Sound Off
Photo: Completely adorable Taylor.

I am getting crotchety in my old age.
I use to like young children, especially when they were mine. (Honestly, were any two children more adorable than Alec and Taylor?)
Now I find that young children just drive me crazy.
They have lots of little kids in Abu Dhabi. The government encourages large families and locals all seem to have at least five kids. These huge families are always clogging up the aisles at Carrefour when I am in a hurry. (I warned you I was getting crotchety.)
Parents here are much more lax about their little ones’ activities in public. While I don’t approve of American parents whacking their kids at Wal-mart (or anywhere else), I am appalled to find that local parents just let their children holler. Even in movie theaters.
For a culture that often keeps young adults firmly under their parent’s control, they seem to have a surprising laisse-faire approach to children. At the mall, it isn’t unusually to see a bunch of siblings, all under age 10, playing around some fountain with no adult supervision.
Today, when I went to the phone company office to pay my bill, I noticed they had posted a sign that said, “No unaccompanied children.” The phone company office has a problem with unaccompanied children?
But most amazing to me was seeing a baby in a stroller left outside a shop. I suppose the mom was inside. While I appreciate the value of living someplace this safe, as an American, it just feels odd.
One Western mom was upset by the local family on her floor because their kids played noisily until midnight. The local mom, however, complained that the expat children were making entirely too much noise every afternoon, when her kids were trying to sleep!
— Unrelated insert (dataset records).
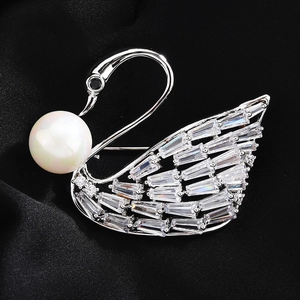 Elegant silver swan brooch with a large white pearl and sparkling zircon crystal wings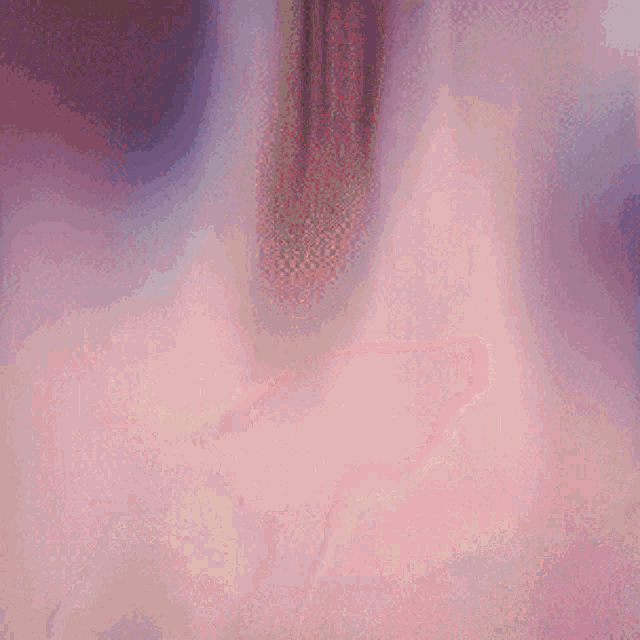 a close up of a person 's face with a purple and pink background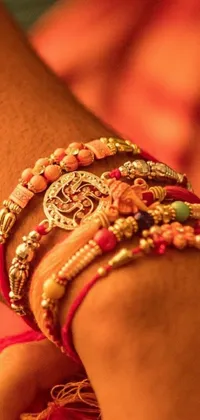 This live phone wallpaper features a stunning close-up of a bohemian-inspired arm with multiple red and orange bracelets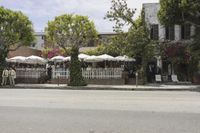 a cafe with lots of tables and umbrellas on a street corner near trees and a white fence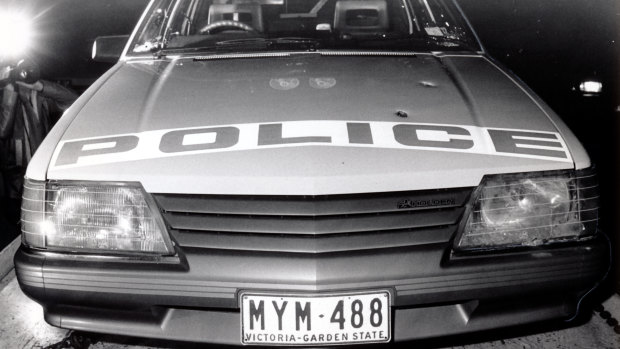 A police car showing bullet holes from the shooting in Noble Park.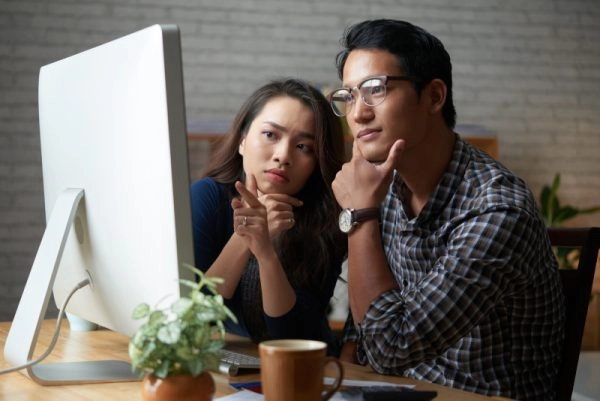 Professionals discussing business strategy in front of a desktop computer.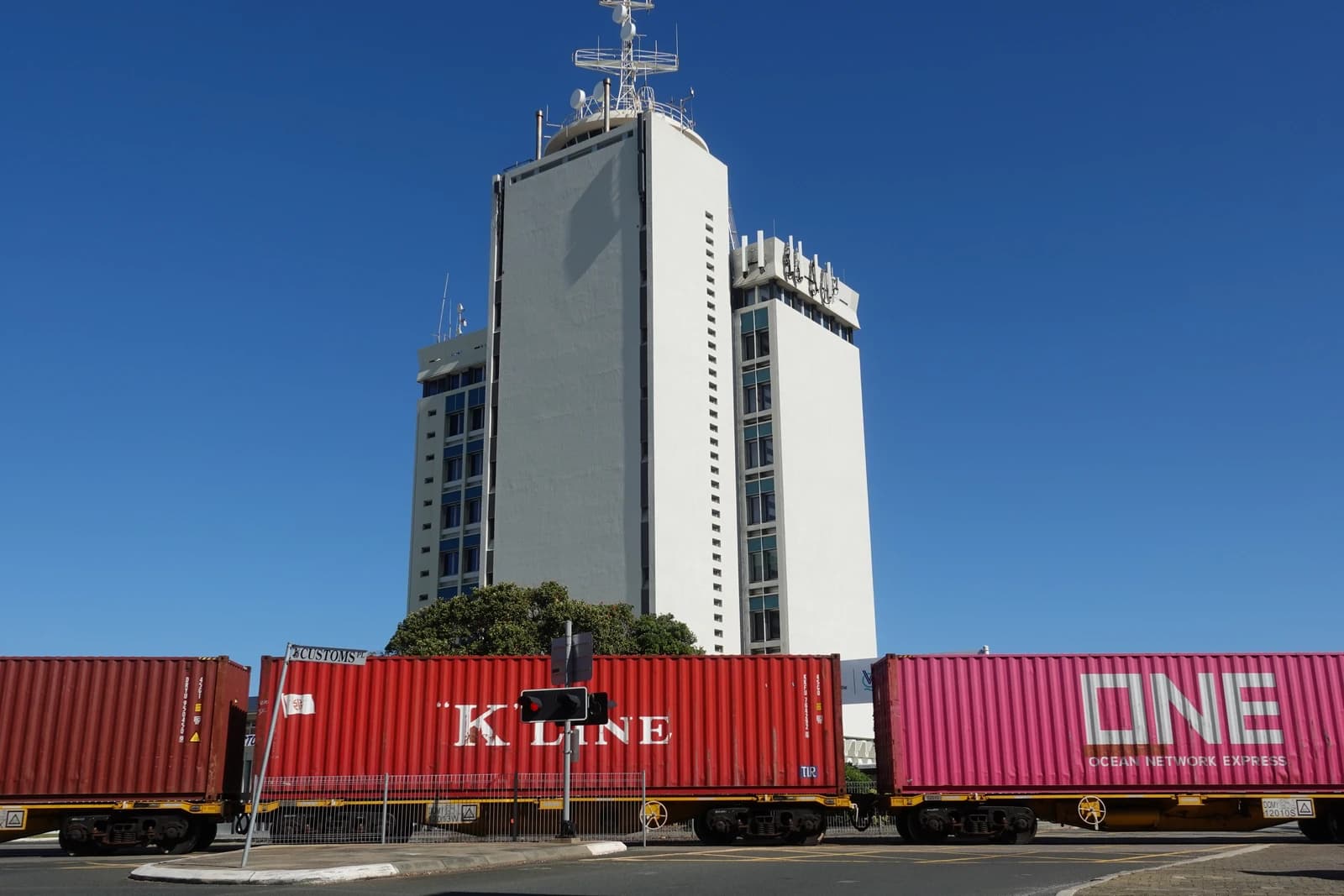 Train carrying red and pink shipping containers passing a tall white building.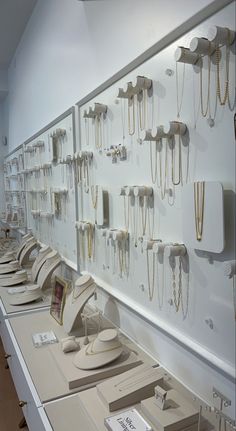 there are many necklaces on display in the store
Even among Americans we can’t agree on what’s appropriate behavior for children. (Why else do some Americans think it’s okay to take their rowdy children to nice restaurants? It’s not!) So it’s not surprising that different cultures have different child rearing philosophies. And I once again remind myself, that I am the foreigner here. Locals set the acceptable standards, and I will just have to add “earplugs” to my shopping list.